Any references on similar proofs will be helpful to us.
Best regards-
Mike

ref.1 G. Csordas, T. S. Norfolk and R. S. Varga, The Riemann Hypothesis and the Turán Inequalities, Transactions of the American Mathematical Society, Vol. 296, No. 2 (Aug., 1986), pp.521-541
ref.2 T. Craven, G. Csordas; Jensen polynomials and the Turan and Laguerre inequalities. Pacific J. Math., 136 (2) (1989), pp. 241–260
 A: Just two pointers for this problem (sorry, no solution).


*

*Hurwitz used a version of Sturm's theorem on numerators of
continued fractions to study the zeros of
the Bessel functions, and Watson's treatise on Bessel functions (1944) has
this in section 9.7. The series in question can be written as
$$\sum_{k=0}^\infty (-1)^k \frac{x^{2k}}{(2k)!} \prod_{j=1}^k \frac{2j-1}{2j+2p},\quad(p>-1).$$
(Hurwitz 1889 Ueber die Nullstellen der Bessel'schen Function)

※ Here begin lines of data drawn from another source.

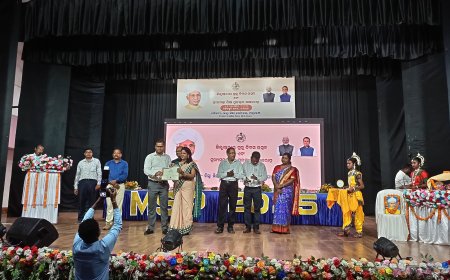 ଗୁରୁ-ଶିଷ୍ୟ ପରମ୍ପରାକୁ ସୁଦୃଢ କରିବାରେ ଜିଲ୍ଲା ସ୍ତରୀୟ ଗୁରୁଦିବସ ଉତ୍ସବ ଓ ମୁଖ୍ୟମନ୍ତ୍ରୀ ଶିକ୍ଷା ପୁରସ୍କାର ସମ୍ବଦ୍ଧନା”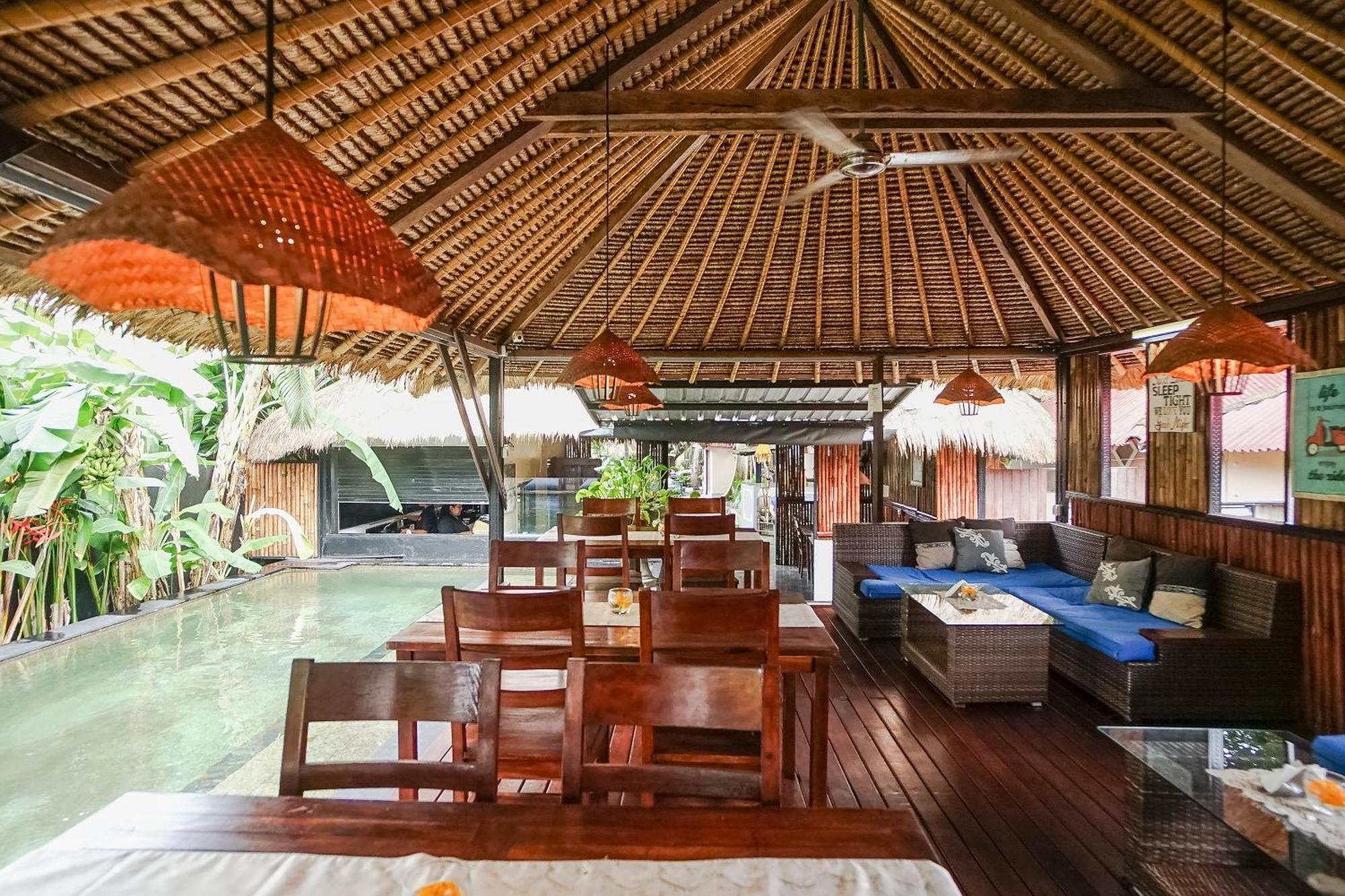 Kampung 168 Hotel Jimbaran Kültér fotó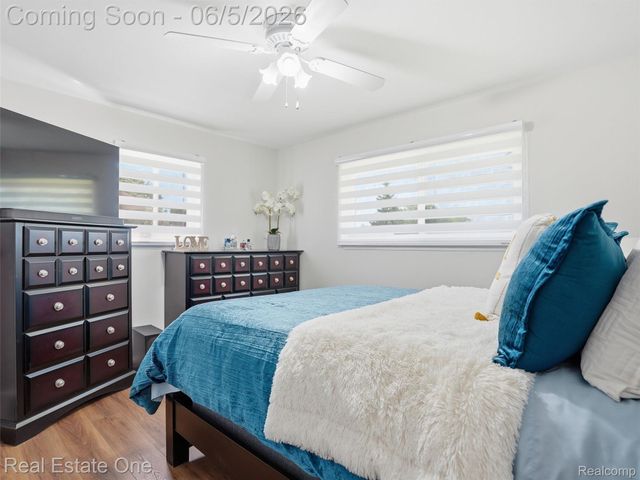 4603 E 13 Mile Road, Warren, MI 48092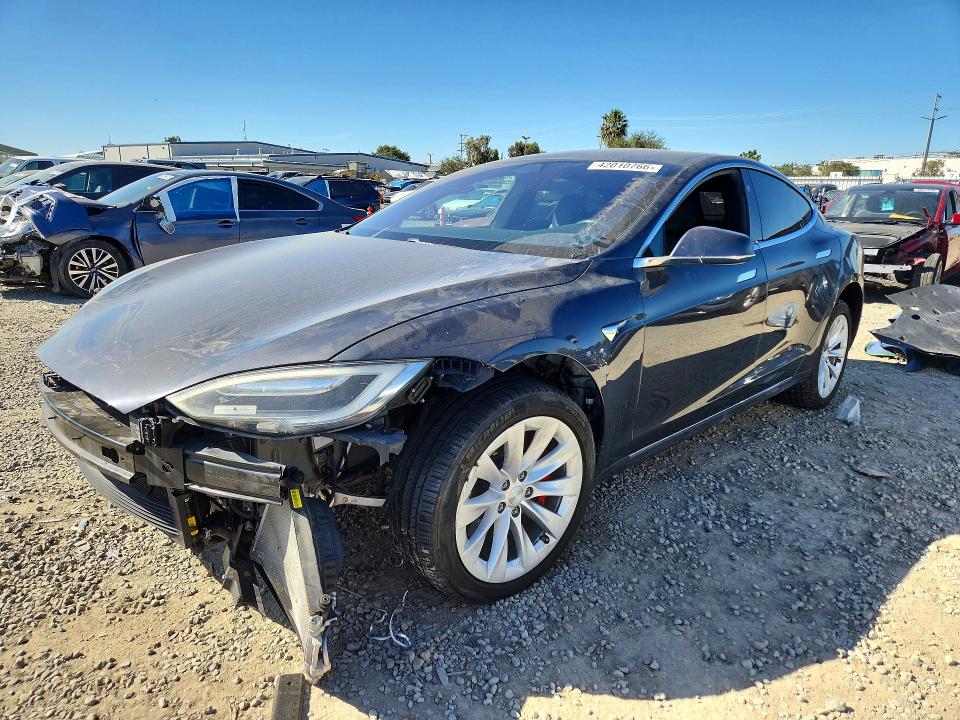 Aukcja sprzedaży 2017 Tesla Model S, vin: 5YJSA1E23HF215004, numer aukcji: 42010766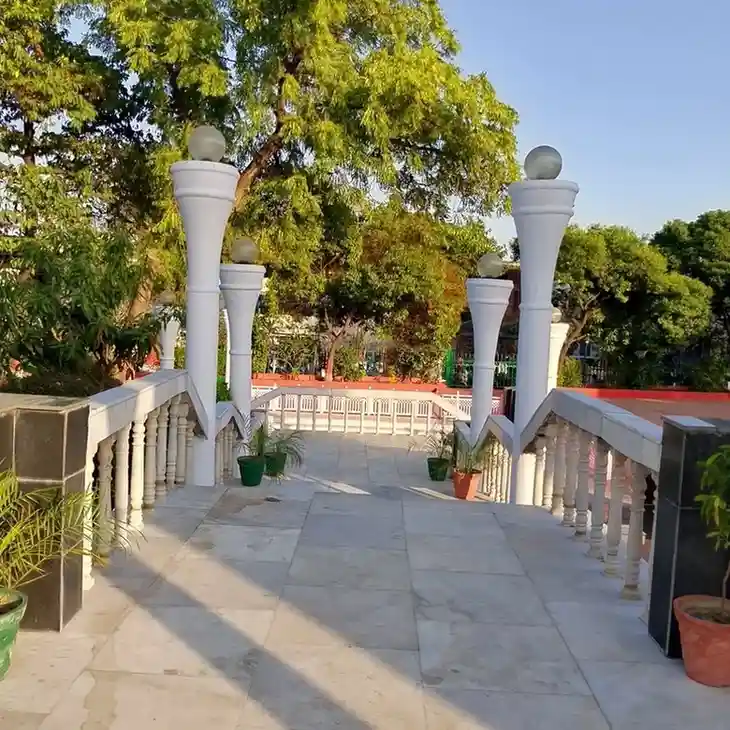 Pt. Deendayal Upadhyaya Park - An artistic, well-kept park for couples in Padao, Varanasi.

*There is a converse to Newton's inequalities for real polynomials with
positive coefficients: if $a_i>0$ and $a_i^2 > 4 a_{i-1} a_{i+1}$, then all roots are real and distinct:
A Sufficient Condition for All the Roots of a Polynomial To Be Real
David C. Kurtz, The American Mathematical Monthly
Vol. 99, No. 3 (Mar., 1992), pp. 259-263
J. Gélinas
A: Just wanted to mention the new paper of Griffin, Ono, Rolen and Zagier https://www.pnas.org/content/early/2019/05/20/1902572116
which deals with exactly this kind of problem (if I understand you and them correctly).
A: It is unfortunate that this problem has not yet received a solution after four years, specially since it is related to the Riemann Hypothesis.
Now I have looked at it again, comparing the OP polynomials to the Jensen polynomials of the Bessel series (see my Dec 15 2015),
and found a way forward ending up to the evaluation of a Hurwitz determinant with rational functions having integer coefficients.
It is left for me to prove that this determinant is nonzero for  a non negative parameter "d".
Here is some support for my conjecture, to be evaluated in your browser at http://pari.math.u-bordeaux.fr/gp.html
\\   Polynomial with negative roots for d > 0 ?
P(n,d='d) = sum(k=0,n, binomial(2*n,2*k)* a(k,d)* x^k)
a(k,d='d) = prod(j=1,k-1, prod(i=1,j, (2*i+1)/(d+2*i+1) ));
print( "# real roots ",[polsturm(P(n,2*Pi/31)) | n <- [1..16]])

\\   Hurwitz form of Sylvester matrix for factor of discriminant
Hm(n,m=n)  = matrix(2*m,2*m,k,j, binomial(2*n+1,2*j-k) * a(j-k\2) );
dHm(n,m=n) = matdet(Hm(n,m));  \\ m is minor order
for(n=1,3,print("n = ",n," det = ",dHm(n)))


If there is any interest, I will post the details of my transformation from the OP question to my new conjecture, a simple application of resultant theory, but I am interested in the Hurwitz determinant itself which seems to be a rational function of "d" with positive integer coefficients. The OP question is a particular case with $d = 2 \pi/31$.